**EXERCISE INSTRUCTIONS**
In the records below, one line contains "(BUNDLE) ROG Strix". Print that line and every line after it exactly, down to the final one.

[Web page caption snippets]
^^^^
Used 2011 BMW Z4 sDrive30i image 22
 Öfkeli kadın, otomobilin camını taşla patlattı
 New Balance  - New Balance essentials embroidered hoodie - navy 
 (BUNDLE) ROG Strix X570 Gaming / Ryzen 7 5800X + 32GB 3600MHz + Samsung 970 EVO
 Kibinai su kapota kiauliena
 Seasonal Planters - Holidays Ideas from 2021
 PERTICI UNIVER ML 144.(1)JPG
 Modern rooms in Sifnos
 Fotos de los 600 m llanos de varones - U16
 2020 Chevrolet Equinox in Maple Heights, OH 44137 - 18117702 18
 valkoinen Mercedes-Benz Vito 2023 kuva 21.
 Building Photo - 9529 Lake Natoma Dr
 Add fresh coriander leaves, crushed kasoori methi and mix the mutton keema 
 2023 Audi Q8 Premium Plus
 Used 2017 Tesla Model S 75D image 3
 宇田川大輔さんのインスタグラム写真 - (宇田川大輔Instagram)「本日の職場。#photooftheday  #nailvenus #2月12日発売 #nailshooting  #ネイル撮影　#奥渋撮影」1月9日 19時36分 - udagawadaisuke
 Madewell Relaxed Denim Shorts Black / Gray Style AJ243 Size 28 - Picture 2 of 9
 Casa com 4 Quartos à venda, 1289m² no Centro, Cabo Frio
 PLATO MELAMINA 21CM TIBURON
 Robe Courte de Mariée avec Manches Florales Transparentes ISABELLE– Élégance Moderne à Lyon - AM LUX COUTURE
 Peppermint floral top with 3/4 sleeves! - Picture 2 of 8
^^^^
**OUTPUT BELOW**
 (BUNDLE) ROG Strix X570 Gaming / Ryzen 7 5800X + 32GB 3600MHz + Samsung 970 EVO
 Kibinai su kapota kiauliena
 Seasonal Planters - Holidays Ideas from 2021
 PERTICI UNIVER ML 144.(1)JPG
 Modern rooms in Sifnos
 Fotos de los 600 m llanos de varones - U16
 2020 Chevrolet Equinox in Maple Heights, OH 44137 - 18117702 18
 valkoinen Mercedes-Benz Vito 2023 kuva 21.
 Building Photo - 9529 Lake Natoma Dr
 Add fresh coriander leaves, crushed kasoori methi and mix the mutton keema 
 2023 Audi Q8 Premium Plus
 Used 2017 Tesla Model S 75D image 3
 宇田川大輔さんのインスタグラム写真 - (宇田川大輔Instagram)「本日の職場。#photooftheday  #nailvenus #2月12日発売 #nailshooting  #ネイル撮影　#奥渋撮影」1月9日 19時36分 - udagawadaisuke
 Madewell Relaxed Denim Shorts Black / Gray Style AJ243 Size 28 - Picture 2 of 9
 Casa com 4 Quartos à venda, 1289m² no Centro, Cabo Frio
 PLATO MELAMINA 21CM TIBURON
 Robe Courte de Mariée avec Manches Florales Transparentes ISABELLE– Élégance Moderne à Lyon - AM LUX COUTURE
 Peppermint floral top with 3/4 sleeves! - Picture 2 of 8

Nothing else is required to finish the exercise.